The first and great necessity of the present to free labour of this country from capitalist slavery is the passing of a law by which 8 hours shall be the normal working day...”. This was the resolution in the Founding Convention of the National Labour Union in the U.S in 1866, and 20 years later, in the city of Chicago on 1st May, the great outpouring of the workers demonstrated the resolve to attain the demand. Chicago became the epicentre of the struggle and on 3rd May 1886, the capitalist gendarme attacked a meeting of the striking workers at the McCormick Reaper Factory in which 6 workers were killed. It is against this police brutality that workers held a meeting at the Hay Market which was peaceful and about to end when the police unleashed violence again, killing 4 workers. An incident of bomb throwing took place and the leaders of the workers’ movement were implicated and tried by the jury that sent Parson, Spies, Fischer and Engel to the gallows. Three years later in 1889, the First Congress of the Second International was held in Paris that set aside 1st May as a day upon which the workers of the world were to fight for an 8-hour working day.

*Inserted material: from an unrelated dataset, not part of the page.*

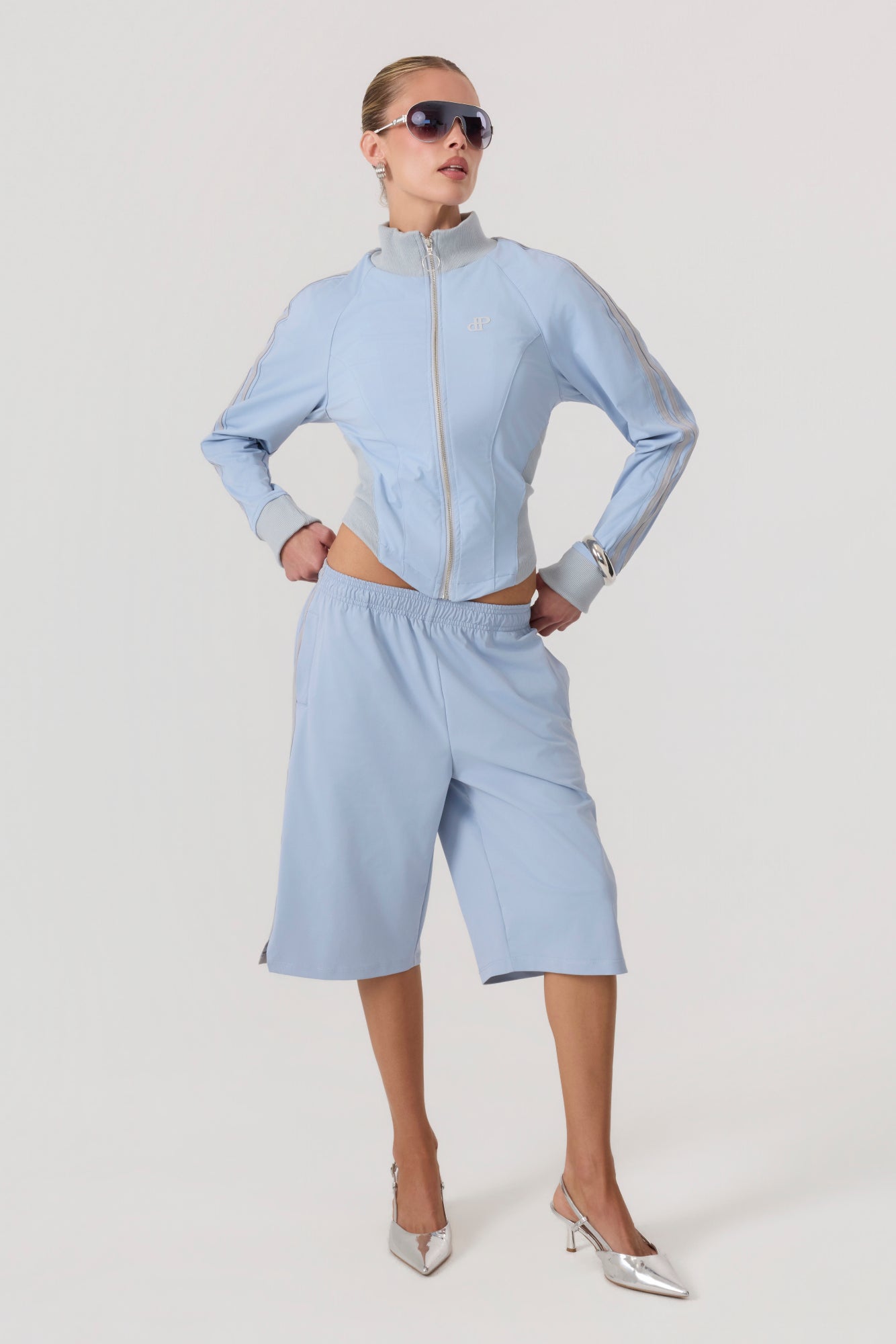 Melrose Social Club Capri Track Pants Sky Blue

And this struggle is inexorably linked to the struggle to end the system of wage slavery. On the occasion of the 124th anniversary of May Day, IFTU salutes the Chicago martyrs and reiterates its pledge to continue the tradition of struggle against exploitation by capital.

 

In late 2008 when the U.S economy witnessed one of the worst crises since the Great Depression, resulting in massive unemployment, tremors of that shock were felt in India too, with many of the export-oriented units  dismissing thousands of workers from employment. While one of the main concerns of the working masses continues to be unemployment, contractualisation and wage depression, the grave issue of price rise has become a major and serious concern in the last two years. Of particular adverse impact on the common and working people has been the stupendous increase of prices of essential commodities like rice, wheat, sugar and vegetables. Food prices have never been so worse than the 1970s. Food inflation stood at 16.35% in March, pulses became dearer by over 31% and milk by 18.74%. The Finance Minister Pranab Mukherjee while presenting the Union Budget that was marked by a slew of tax concessions to the corporate sector admitted that there could be marginal inflation as a result of his proposals. The hike in excise duties on petro-products further fuelled the price spiral of all essentials. While this phenomenal price rise cut into the meagre earnings of the working people, it is estimated that per capita calorie consumption declined. In fact, the number of hungry people during this period increased. The overall inflation rate hovering around 9.89% in March is expected to touch the double digit.

 

While the phenomenon of rising prices is systemic, the phenomenal hike in recent times is a consequence of “neo-liberal” policies of the UPA government. These policies that prised open the agriculture sector led to an adverse impact on food production. Allowing the corporate sector to enter the grain market, weakening the PDS, future trading in essentials etc, have all led to the present state of price rise, the agrarian crisis being at the root.

 

When the Finance Minister was giving the slew of concessions to the corporate sector amounting to Rs.80,000 crores in various forms, the Home Minister P. Chidambaram was trying to put into place an operation known as “Green Hunt”. Two years ago when the Prime Minister stated that “Left-wing extremism constituted the single largest internal security threat”, Chidambaram was the Finance Minister, in the service of the huge MNCs and native corporates. Stepping into the boots of the Home Ministry, he declared that this “internal threat” would be eliminated in three years through the “Green Hunt”, which again is in the service of the huge corporate businesses that are prising open the vast forests in the Central and Eastern parts of the country for minerals such as bauxite, iron, coal, etc. In order that the Tatas, Birlas, Poscos, Vedantas and their like corner these huge mineral-rich lands that are inhabited by tribals, the objective of this operation is to eliminate opposition and resistance to this corporate pillage and uproot the tribal population. It is estimated that nearly 3,00,000 tribals have been displaced from their lands in this state exercise.

 

In Chhattisgarh, a state-sponsored private armed force called the Salwa Judum is playing havoc with the lives of the tribals. It is reported that 30,000 tribals have been forced to leave their villages and live in “settlements” under the duress of the state. Like in the U.S, in the workers’ struggle for an 8-hour working day, the capitalists had private gangs called the Pinkertons to break workers’ struggles and indulge in physical assaults, corporate houses in the forest regions of Orissa, Jharkhand and Chhattisgarh have employed armed private security persons to force the tribals into submission. What is taking place in the tribal inhabited mineral rich forests of this country in the name of weeding out “left wing extremists” is in essence a war against the tribal populace to procure for the corporate bosses the mineral rich lands.In the process the violence perpetrated by the state snuffs out whatever little democratic spaces we have in this country and impinges upon the basic rights of the people.              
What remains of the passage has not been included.